A dozen or so years ago, I was head coach of a summer league team, and part of what we would do at the first practice after a meet was hand out ribbons. You got a ribbon for down to 6th place, I think, and anything else got a participation ribbon; the only kids who didn’t get the coveted ribbon were the ones who had disqualified in the event. I had finished handing everything out and the kids were all trickling away, when one little girl approached me. She was ten or eleven at the time, and had a VERY concerned look on her face.

“Coach, I think there was a mistake.”

“Oh yeah, Mary? What’s that?”

“Well, I dropped eleven seconds off my breaststroke time, and I know I beat some other girls, but I didn’t get a ribbon.”

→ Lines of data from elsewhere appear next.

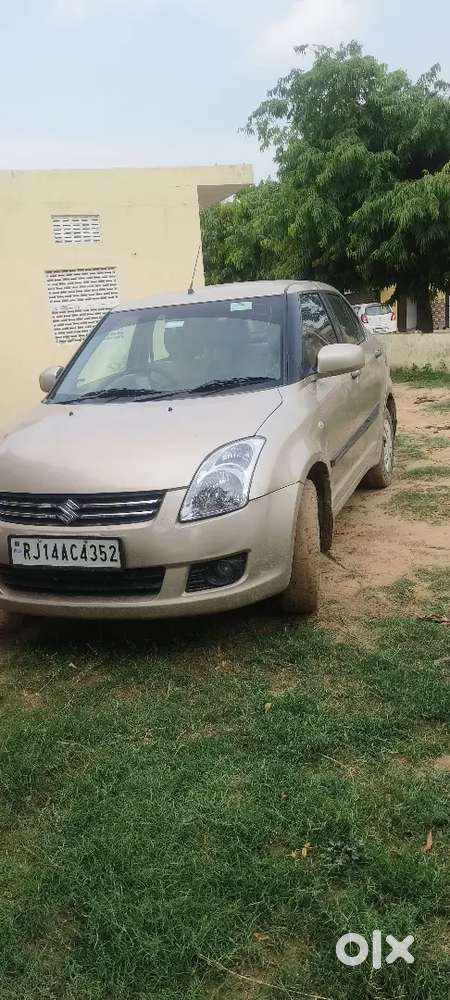 Maruti Suzuki Dzire 2010 Petrol 133377 Km Driven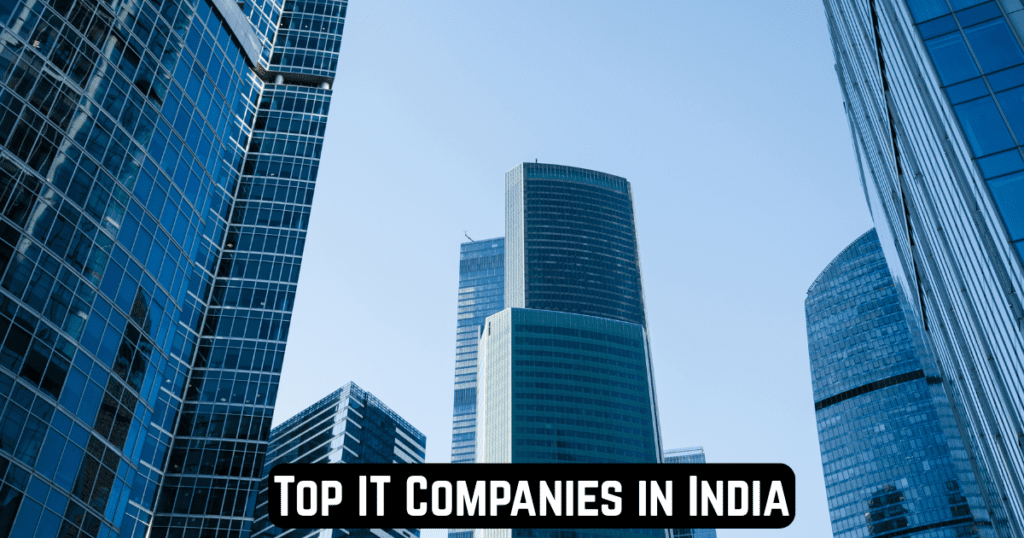 Top IT Companies in India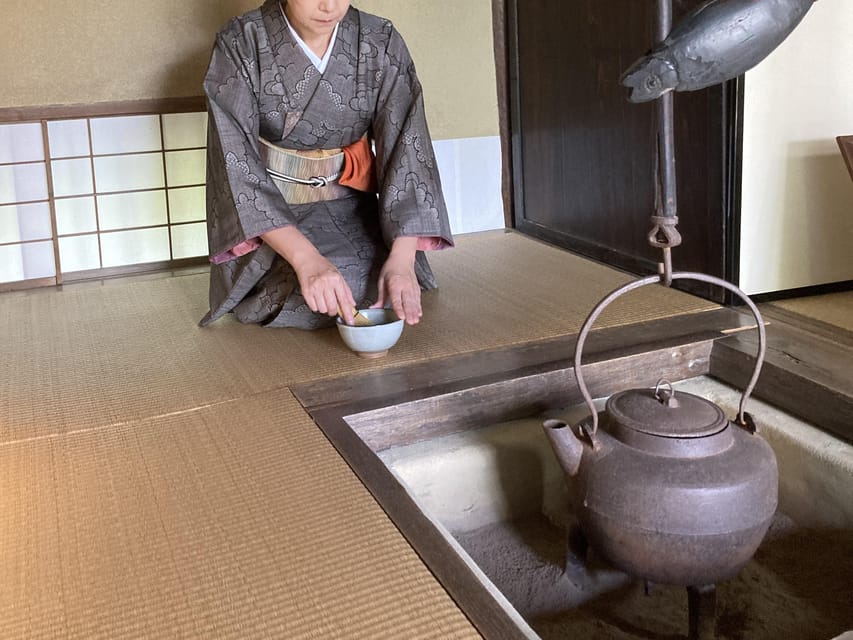 Odawara: Zazen Meditation, Shojin Ryori, and Tea Ceremony - Key Points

My heart sank. I was afraid this one was coming.

“Mary, you got DQ’d.”

“But why?”

“Well, you use that nose plug when you swim, and I know you like it to keep the water out of your nose, but when you dove in and came up,  you reached up and adjusted it which is considered ‘breaking stroke’, so you got disqualified. And that means it’s like the swim never happened, so you don’t get to keep that faster time either.”

Silence, and a concerned frown.

“How do I fix that?”

So I explained the technique for blowing air to keep water out of your nose, and assured her we would work on it in practice. I wasn’t terribly worried about it, things like this happen all the time in summer league swimming, and I knew it would resolve over the summer. To me, this was not a big deal.

Fast forward to our next swim meet, less than a week later. The breaststroke event came up, and I noticed Mary behind the blocks, no nose plug in sight. I nudged my assistant coach, and we watched to see how Mary would do without it. She swam fast, and “legally” (no DQ), and dropped 12 seconds off that previous best time! We were ecstatic and cheering, when her mom approached.

“I want to tell you something,” she said, “even though Mary asked me not to. I think you need to know. Mary had me bring her to the pool every day, twice a day, so she could practice not using the nose plug. She didn’t want to DQ again, and have the swim be like it never happened.”

I was floored. What to me was “no big deal” was a huge deal to Mary. In less than a week, Mary had taken it on herself to let go of something she thought she needed, something that probably made her less fearful in the water, and had succeeded. The kind of strength and determination it takes to not only fix a technique detail, but overcome the emotional attachment to a crutch, is something rare to see.

Mary opened my eyes to the strength that children possess, and in fact, I have seen this kind of fortitude far more in children than in adults. I have been honored time and again with the opportunity to share in that journey with a young person, and witness their release of fear, triumph over challenge, and victory over their own insecurity. They are brave in a way I sometimes think adults have forgotten how to be.

My goal for this year has been to rediscover how to be brave. I left coaching, and now I will return in a different capacity, with a new team. Both of these were acts of bravery, and in doing these things I hope I honor the numerous kids over the years who have taught me so much.